# Schwimmpflanzen



## RainerOstfriesland (9. Sep. 2006)

Wollte mal fragen, was ihr empfehlen würdet. Muss man alle Arten von Schwimmpflanzen im Winter entfernen? 

Was ist pflegeleicht und wuchert nicht gleich über den ganzen Teich.

Gruß Rainer


----------



## Annett (20. Sep. 2006)

*AW: Schwimmpflanzen*

Hallo Rainer,

ich weiß, es ist ein bissle spät aber:
Die meisten Schwimmpflanzen sind meines Wissens nach nicht winterhart. Ganz spontan fällt mir keine einzige wirklich winterharte ein (außer den verschiedenen __ Wasserlinsen). 
Du mußt die frostempfindlichen Pflanzen deswegen nicht entfernen, es wäre aber sehr zu empfehlen um die Nährstoffe nicht in Lösung gehen zu lassen.
Du kannst es (nächstes Jahr) ja mal mit Muschelblumen oder Wasserhyazinthen versuchen. Die sind auf jeden Fall so groß, dass sie sich bei Bedarf bequem abfischen lassen, im Gegensatz zu den Wasserlinsen. Die können bei zuviel Nährstoffen in gehörig viel Arbeit ausarten.


----------



## Eugen (20. Sep. 2006)

*AW: Schwimmpflanzen*

Hallo Annett,
kommt drauf an,wie man Schwimmpflanze definiert. Für mich gehören Seerosen,__ Seekanne,__ Froschbiss und __ Krebsschere auch dazu. Und die sind idR. winterhart. Die abgestorbenen Teile lasse ich im Teich,dadurch habe ich genügend Nährstoffe für nächste Frühjahr drin und die Pflanzen können gut starten (vor den Algen !). __ Wasserlinsen machen nur Arbeit,wenn du viele Nährstoffe drin hast. Für mich sind sie ein guter "Indikator". 
@ Rainer: so richtig pflegeleicht ist kaum eine Pflanze. Jedoch lassen sich die o.g. recht leicht aus dem Teich entfernen (naja, die Seerose eher nicht). Bei deinen 9000 l kannst du mit einem Rechen schon ganz gut "Pflege" betreiben. Gruß, Eugen


----------



## Annett (20. Sep. 2006)

*AW: Schwimmpflanzen*

Moin Eugen,

aber sind nicht Seerose, __ Seekanne usw. eher "Schwimm*blatt*pflanzen"?
Die __ Krebsschere nimmt aus meiner Sicht auch eher eine Sonderstellung ein.  Viele berichten davon, dass sie nur sehr kurz auftaucht und sich dann wieder absenkt.
Vielleicht sollte Rainer sagen, was genau er gemeint hat - deshalb blieben bisher wahrscheinlich auch die Antworten aus. 

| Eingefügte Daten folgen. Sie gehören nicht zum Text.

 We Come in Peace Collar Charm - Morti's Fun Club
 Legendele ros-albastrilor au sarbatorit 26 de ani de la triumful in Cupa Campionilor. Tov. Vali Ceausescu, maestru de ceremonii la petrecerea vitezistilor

Ich habe übrigens auch __ Wasserlinsen auf dem Teich - ohne Streß. Die wachsen bei mir auch nur an bestimmten Stellen. Vom geringen Ausmaß des Wachstums mal ganz abgesehen. Ab und an ziehe ich einige Fadenalgen raus und erwische nebenher auch einige Wasserlinsen. Was davon frei auf dem Wasser schwimmt landet eh im Skimmer und anschließend auf dem Siebelement des Filters.


----------



## Knoblauchkröte (20. Sep. 2006)

*AW: Schwimmpflanzen*

Hi,

 der Unterschied zwischen Schwimmpflanzen (__ Wasserlinsen, Froschbiß, __ Wassersalat, Wasserhyazinthe, Schwimmfarne, ect.) und Schwimmblattpflanzen (Seerosen, __ Teichrosen, __ Seekanne, Schwimmendes __ Laichkraut, ect.) ist definiert. Schwimmpflanzen haben keinen Wurzelkontakt zum Gewässergrund, die Wurzeln hängen direkt an/unter den Blättern. Bei Schwimmblattpflanzen ist Wurzelstock und Blatt durch einen mehr oder weniger langen Stiel verbunden.
Die __ Krebsschere gehört weder zu der einen noch anderen Kategorie. Sie gehört zu den Unterwasserpflanzen (__ Wasserpest, __ Tausendblatt, Laichkraut, __ Vallisnerien, ect.)

MfG Frank


----------



## Wasserfloh (21. Sep. 2006)

*Schwimmfarne überwintern?*

ich hätte auch noch ne kleine Frage zu Schwimmpflanzen... 

und zwar hatte ich für meinen Teich wieder Schwimmfarn gekauft, 
ich hatte mir 2 kleine Portionen aus dem Gartencenter mitgebracht 
und die sind eigentlich auch ganz gut gewachsen. 
Da die aber ja nicht Winterfest sind, kann ich die im Haus wohl irgendwie überwintern, damit ich mir nächstes Jahr nicht immer wieder neue besorgen muß?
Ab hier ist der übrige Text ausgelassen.